§ **Exercise**: Your task is to return the listing below word for word, without any of its images.

§ **Material provided**:
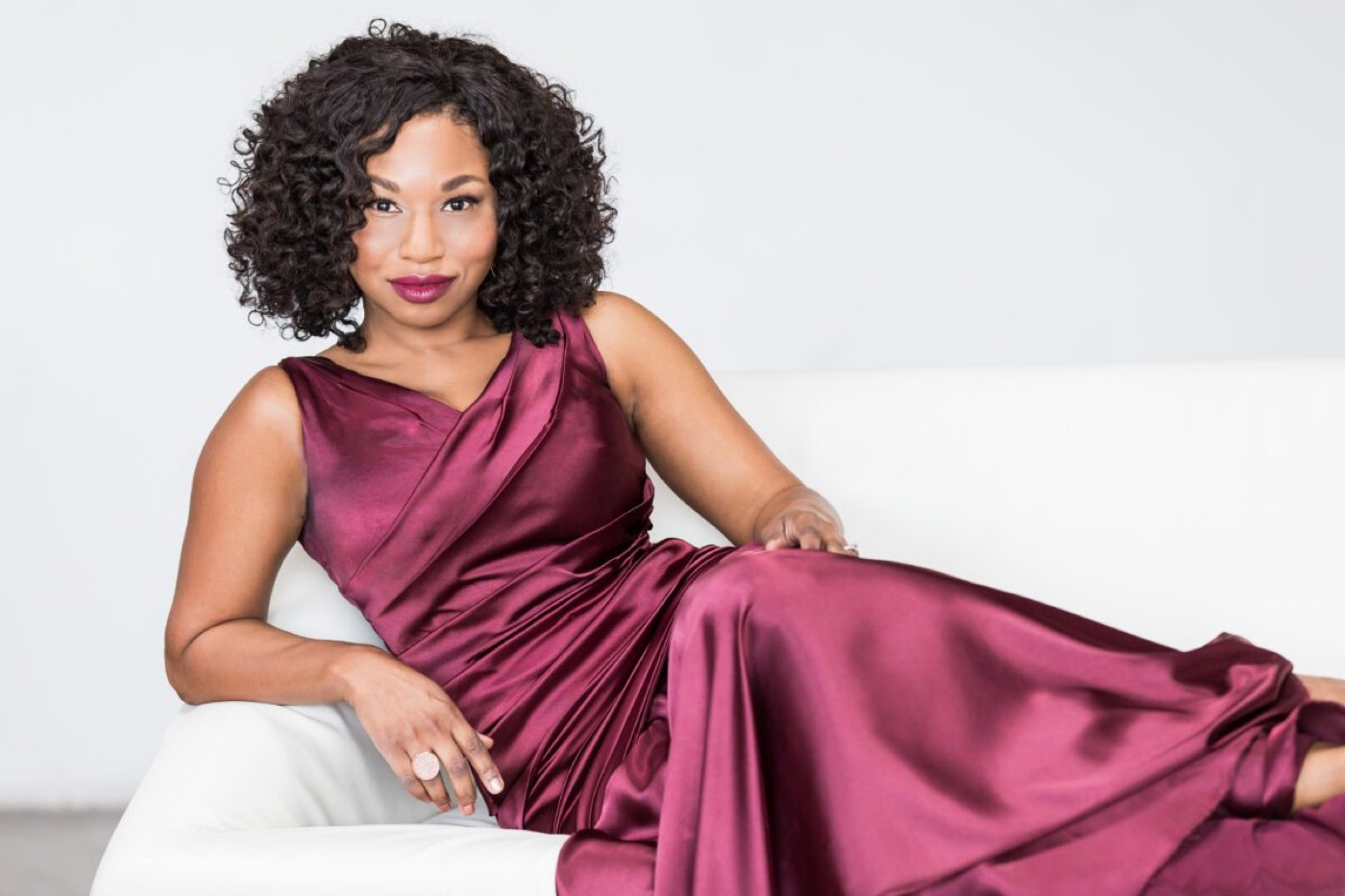 Stephanie Ann Ball in a burgundy gown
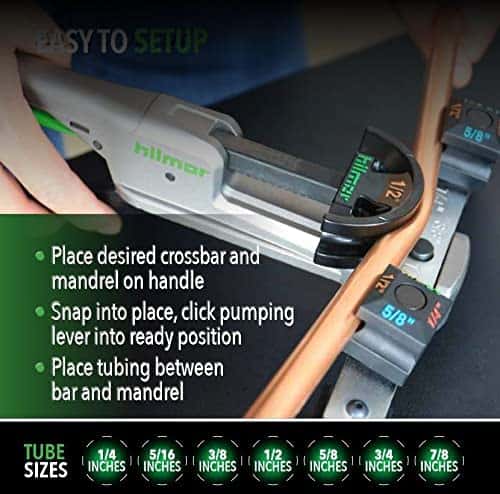 Hilmor 1839032 Compact Bender Kit 1/4 to 7/8 inch tube bender HVAC copper pipe bending tool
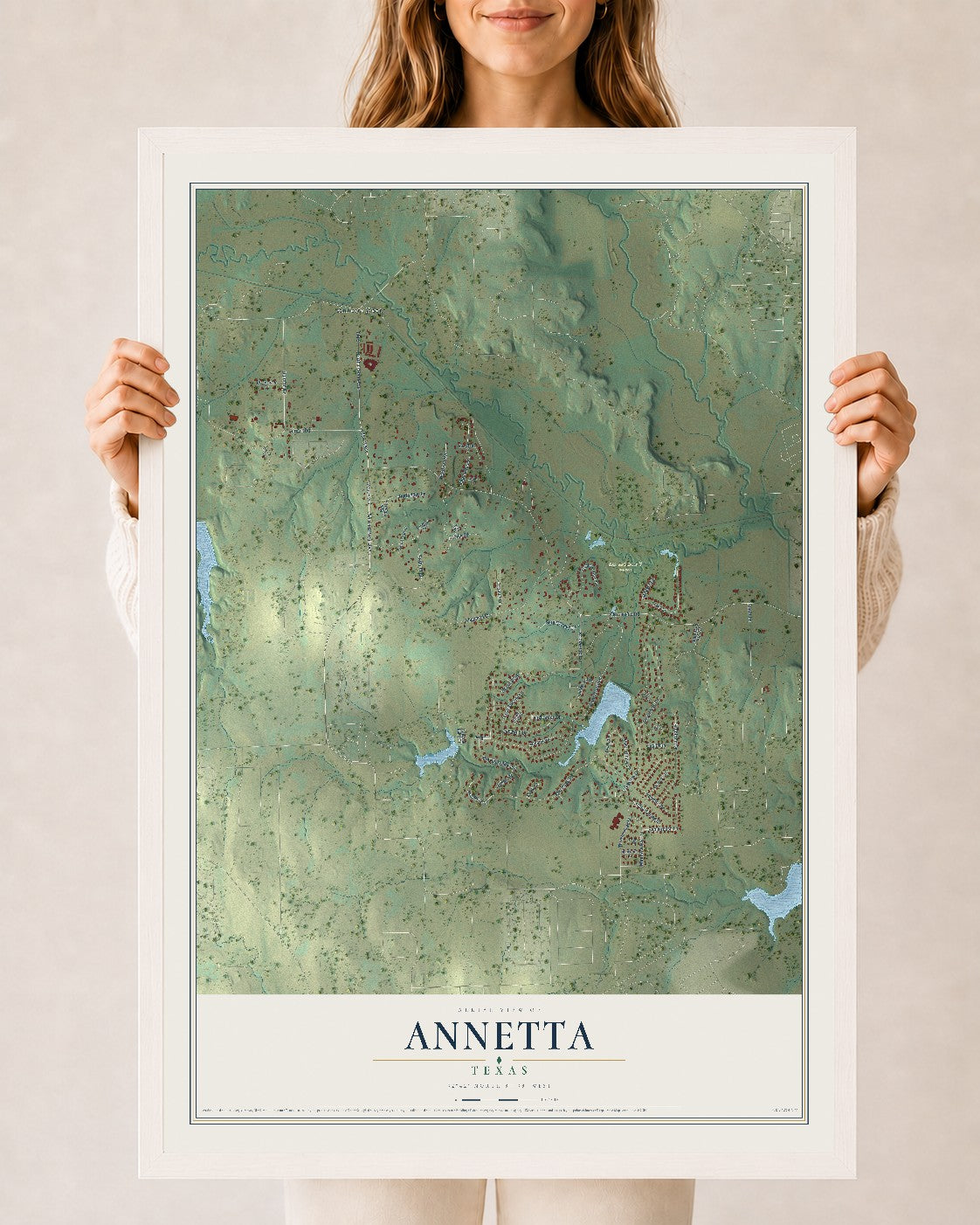 Map of Annetta, Texas, 24 x 36 inch print in a white wood frame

§ **Answer space**:
 Stephanie Ann Ball in a burgundy gown
 Hilmor 1839032 Compact Bender Kit 1/4 to 7/8 inch tube bender HVAC copper pipe bending tool
 Map of Annetta, Texas, 24 x 36 inch print in a white wood frame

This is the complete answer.